Schlechte IT-Anbindung stoppt E-Cars

Mangelnde Standards für die informationstechnische Anbindung der Elektromobile sind das Haupthindernis beim Ziel der Bundesregierung, bis 2020 eine Million Elektroautos auf den deutschen Straßen rollen zu sehen, meinen die Energieversorger in Deutschland.

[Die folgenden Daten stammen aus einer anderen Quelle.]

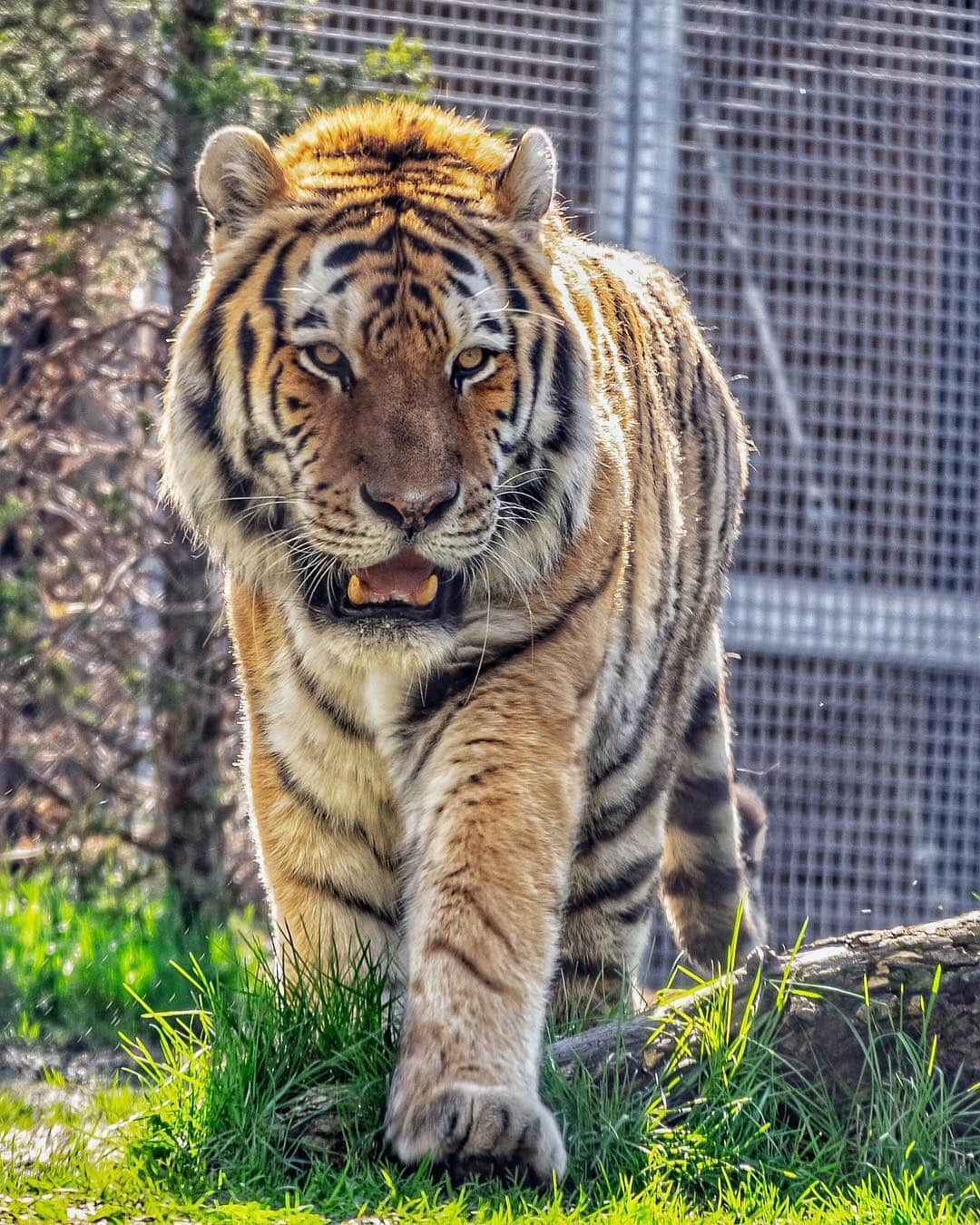 Ricoh Imagingさんのインスタグラム写真 - (Ricoh ImagingInstagram)「Our #teampentax fan @flynnfotog captured this friendly tiger using his #pentaxk3.」4月24日 3時58分 - ricohpentax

Nach einer Studie der Managementberatung Horváth & Partners, an der sich Führungskräfte von 58  Energieversorgungern beteiligten. glauben drei Viertel der Befragten nicht daran, dass diese Zahl erreicht werden kann. Entsprechend erwarten sie auch keine zusätzlichen Stromabsatzpotenziale.

Mehr als 80 Prozent nannten die mangelnden Standards für die informationstechnische Anbindung  als Hauptursache. Damit sind insbesondere der Datenaustausch und das Ladeverfahren zwischen Fahrzeug und Ladestationen gemeint.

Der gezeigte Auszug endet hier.